ASSIGNMENT -
Let the output be exactly the lines from the one containing "Lighthouse, Phare de" through the end of the records below, both included.

Records from a data collection -
[Start of Attachment]

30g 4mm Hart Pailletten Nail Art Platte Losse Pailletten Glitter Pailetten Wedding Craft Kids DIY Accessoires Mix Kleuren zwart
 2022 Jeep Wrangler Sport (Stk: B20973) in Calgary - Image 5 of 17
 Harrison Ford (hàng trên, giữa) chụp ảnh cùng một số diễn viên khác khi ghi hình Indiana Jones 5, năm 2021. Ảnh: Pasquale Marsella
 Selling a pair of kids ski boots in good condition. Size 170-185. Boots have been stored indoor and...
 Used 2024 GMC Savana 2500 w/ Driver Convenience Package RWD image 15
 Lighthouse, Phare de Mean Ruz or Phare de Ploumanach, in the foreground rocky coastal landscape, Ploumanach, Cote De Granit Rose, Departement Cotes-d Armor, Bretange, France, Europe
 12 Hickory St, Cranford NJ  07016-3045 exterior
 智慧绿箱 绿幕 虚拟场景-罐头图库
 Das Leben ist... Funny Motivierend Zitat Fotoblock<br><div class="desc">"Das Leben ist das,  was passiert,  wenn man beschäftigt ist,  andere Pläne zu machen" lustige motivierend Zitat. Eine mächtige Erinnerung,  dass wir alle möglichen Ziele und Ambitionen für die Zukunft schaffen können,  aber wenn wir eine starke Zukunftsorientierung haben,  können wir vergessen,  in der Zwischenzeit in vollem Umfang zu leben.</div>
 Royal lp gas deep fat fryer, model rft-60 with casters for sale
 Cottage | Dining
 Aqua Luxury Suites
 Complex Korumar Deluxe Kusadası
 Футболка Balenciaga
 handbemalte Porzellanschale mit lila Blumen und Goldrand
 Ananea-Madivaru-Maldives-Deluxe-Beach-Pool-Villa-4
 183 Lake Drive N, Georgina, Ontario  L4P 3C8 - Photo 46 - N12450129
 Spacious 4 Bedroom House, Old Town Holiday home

[End of Attachment]

ANSWER SECTION -
 Lighthouse, Phare de Mean Ruz or Phare de Ploumanach, in the foreground rocky coastal landscape, Ploumanach, Cote De Granit Rose, Departement Cotes-d Armor, Bretange, France, Europe
 12 Hickory St, Cranford NJ  07016-3045 exterior
 智慧绿箱 绿幕 虚拟场景-罐头图库
 Das Leben ist... Funny Motivierend Zitat Fotoblock<br><div class="desc">"Das Leben ist das,  was passiert,  wenn man beschäftigt ist,  andere Pläne zu machen" lustige motivierend Zitat. Eine mächtige Erinnerung,  dass wir alle möglichen Ziele und Ambitionen für die Zukunft schaffen können,  aber wenn wir eine starke Zukunftsorientierung haben,  können wir vergessen,  in der Zwischenzeit in vollem Umfang zu leben.</div>
 Royal lp gas deep fat fryer, model rft-60 with casters for sale
 Cottage | Dining
 Aqua Luxury Suites
 Complex Korumar Deluxe Kusadası
 Футболка Balenciaga
 handbemalte Porzellanschale mit lila Blumen und Goldrand
 Ananea-Madivaru-Maldives-Deluxe-Beach-Pool-Villa-4
 183 Lake Drive N, Georgina, Ontario  L4P 3C8 - Photo 46 - N12450129
 Spacious 4 Bedroom House, Old Town Holiday home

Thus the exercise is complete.